Hi
I am trying to scrape the text of all the laws in Italy's official gazette.
I am getting stuck when the links reach this level:
https://www.gazzettaufficiale.it/atto/serie_generale/caricaDettaglioAtto/originario?atto.dataPubblicazioneGazzetta=1988-01-02&atto.codiceRedazionale=087G0741&elenco30giorni=false
I have tried two methods:
(1) Each article of the law is paginated without the URL changing. However, I cannot select the page using the element-click type.
(2) Alternatively, the webpage allows you to load the complete law by clicking "Atto Completo" on the top left. This opens a pop-up window. In the pop-up window, you can click "Visualizza" which redirects you you a base URL with the complete act loaded. But how do I scrape the content of a redirect?

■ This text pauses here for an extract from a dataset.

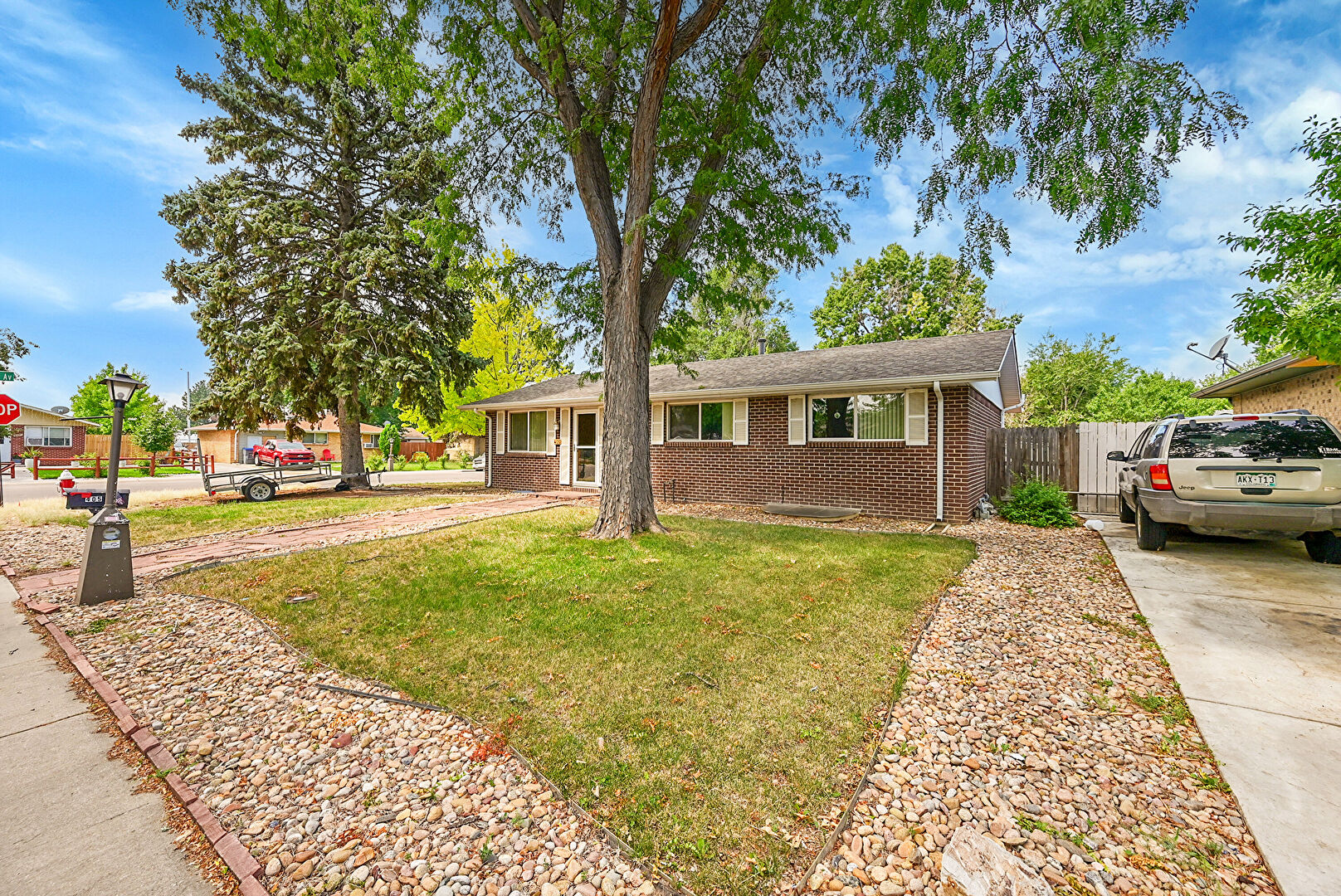 Front at 405 Elliott Street, Longmont, CO 80504, listed by Chad Swenson, MLS ID: 5572284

This is the sitemap I have so far using the method (2).
Sitemap:
{"_id":"italyofficial","startUrl":["https://www.gazzettaufficiale.it/archivioCompleto"],"selectors":[{"id":"Generalserieslinks","type":"SelectorLink","parentSelectors":["_root"],"selector":"div#yearGazzettaSG1:nth-of-type(1) a","multiple":true,"delay":0},{"id":"Lawlinks","type":"SelectorLink","parentSelectors":["Generalserieslinks"],"selector":"a.elenco_gazzette","multiple":true,"delay":0},{"id":"eachlaw","type":"SelectorLink","parentSelectors":["Lawlinks"],"selector":"span:nth-of-type(n+2) a:nth-of-type(1)","multiple":true,"delay":0},{"id":"Completearticle","type":"SelectorPopupLink","parentSelectors":["eachlaw"],"selector":".stampabile span","multiple":false,"delay":0},{"id":"visualise","type":"SelectorPopupLink","parentSelectors":["Completearticle"],"selector":"input[type='submit']","multiple":false,"delay":0},{"id":"Text","type":"SelectorText","parentSelectors":["visualise"],"selector":".wrapper_pre pre","multiple":true,"regex":"","delay":0}]}
Thank you for your help!